Evaluating the functionality of an Industrial Internet of Things system in the Fog

Abstract: The Internet is one of the greatest innovations ever created by mankind, and it is a technical trend that has moved into industries to facilitate automation, supervision and management in the form of IoT devices. These devices are designed to be extremely lightweight and operate in low-power and lossy networks, and therefore run a low duty cycle and CPU-clock frequency to reserve battery life. Fog nodes are located on site to minimize network delay and provide centralized processing to handle data from hundreds of connected devices in wireless sensor networks. This is the future of industrial automation. Our goal is to show the functionality of an industrial IoT network within the scope of Fog computing by implementing a closed-loop control system in Cooja. Performance evaluations considered network reliability in terms of packet delivery ratio and timeliness. We assume that wireless IoT devices are running RPL routing (one of the most common standard routing protocols for IoT applications). We implement a mobility controller at the Fog-server in order to collect measurements made by the Fog nodes and send commands to IoT devices. In this thesis work, we assume that the commands are related to the mobility pattern of mobile node (e.g.
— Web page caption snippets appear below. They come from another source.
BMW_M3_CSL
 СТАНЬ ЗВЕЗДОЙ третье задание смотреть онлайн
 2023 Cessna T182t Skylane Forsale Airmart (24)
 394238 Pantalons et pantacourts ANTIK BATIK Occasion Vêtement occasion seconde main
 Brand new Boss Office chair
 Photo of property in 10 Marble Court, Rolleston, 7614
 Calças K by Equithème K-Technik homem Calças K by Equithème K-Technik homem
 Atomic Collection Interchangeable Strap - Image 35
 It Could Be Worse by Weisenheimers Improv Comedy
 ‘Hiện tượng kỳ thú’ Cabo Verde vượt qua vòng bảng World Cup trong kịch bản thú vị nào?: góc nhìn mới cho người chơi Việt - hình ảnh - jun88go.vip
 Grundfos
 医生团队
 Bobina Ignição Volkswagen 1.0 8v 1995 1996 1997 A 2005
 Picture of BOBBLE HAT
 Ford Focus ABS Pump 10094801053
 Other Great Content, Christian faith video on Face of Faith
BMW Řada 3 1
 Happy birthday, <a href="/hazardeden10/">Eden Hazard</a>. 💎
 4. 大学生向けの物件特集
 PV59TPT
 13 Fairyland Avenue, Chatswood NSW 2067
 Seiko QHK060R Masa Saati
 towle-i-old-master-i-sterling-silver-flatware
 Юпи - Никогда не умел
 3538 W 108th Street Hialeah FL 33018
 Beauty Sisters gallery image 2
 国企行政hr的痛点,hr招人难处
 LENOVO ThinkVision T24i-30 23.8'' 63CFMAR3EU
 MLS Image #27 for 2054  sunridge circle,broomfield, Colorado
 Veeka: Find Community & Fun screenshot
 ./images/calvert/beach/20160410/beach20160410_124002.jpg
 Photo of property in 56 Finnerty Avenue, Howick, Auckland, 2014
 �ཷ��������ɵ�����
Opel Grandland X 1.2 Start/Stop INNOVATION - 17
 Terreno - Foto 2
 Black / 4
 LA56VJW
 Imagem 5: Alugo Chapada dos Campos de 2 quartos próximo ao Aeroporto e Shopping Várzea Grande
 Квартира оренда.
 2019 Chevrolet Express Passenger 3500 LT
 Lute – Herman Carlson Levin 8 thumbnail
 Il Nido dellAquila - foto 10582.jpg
AGVs in industrial automation) in order to avoid collision. From the simulation results we can conclude that sampling rates and node density have a greater impact on performance compared to payload size. We cannot be sure that our results reflect what a real-world evaluation would imply as we are running an emulation software, even though it has a very realistic physical layer. We do however believe that with substantial testing and improvements to both Cooja and our implementation, an accurate representation can be accomplished and algorithms in Cooja can be moved to real-world implementations.